Dataset entries:
☆ ☆ ☆ ☆ ☆

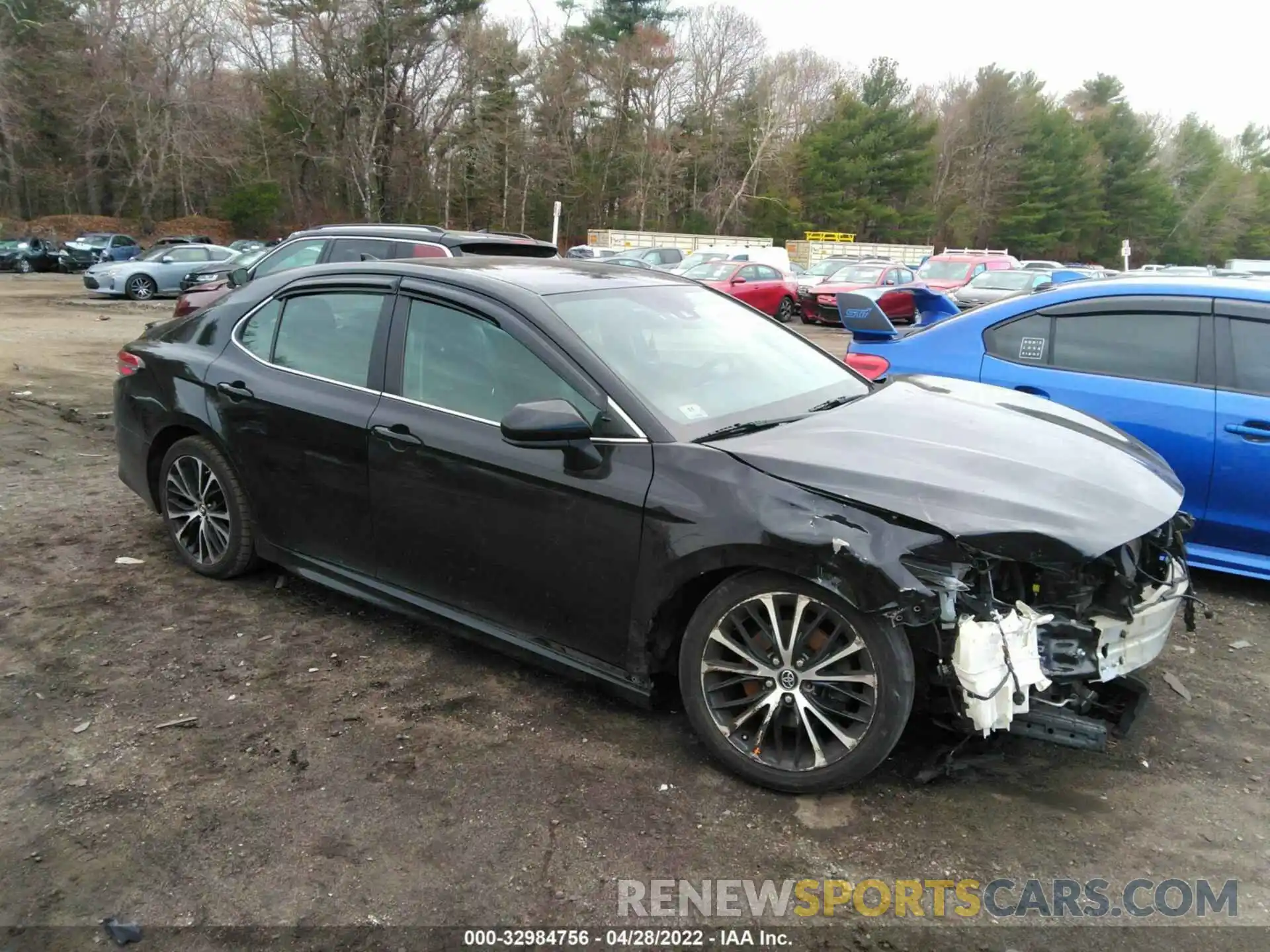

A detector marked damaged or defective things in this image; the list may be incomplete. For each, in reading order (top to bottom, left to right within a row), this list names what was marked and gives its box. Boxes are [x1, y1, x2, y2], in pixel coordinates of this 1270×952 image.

damaged black sedan [111, 261, 1189, 797]
crumpled hood [721, 376, 1183, 566]
damaged front bumper [914, 523, 1189, 751]
broken plastic debris [1163, 675, 1189, 705]
broken plastic debris [102, 919, 143, 949]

☆ ☆ ☆ ☆ ☆

Task to complete: The output is the records exactly as they read, with no pictures in it.

Completed task:
A detector marked damaged or defective things in this image; the list may be incomplete. For each, in reading order (top to bottom, left to right within a row), this list names what was marked and gives its box. Boxes are [x1, y1, x2, y2], in pixel coordinates of this 1270×952 image.

damaged black sedan [111, 261, 1189, 797]
crumpled hood [721, 376, 1183, 566]
damaged front bumper [914, 523, 1189, 751]
broken plastic debris [1163, 675, 1189, 705]
broken plastic debris [102, 919, 143, 949]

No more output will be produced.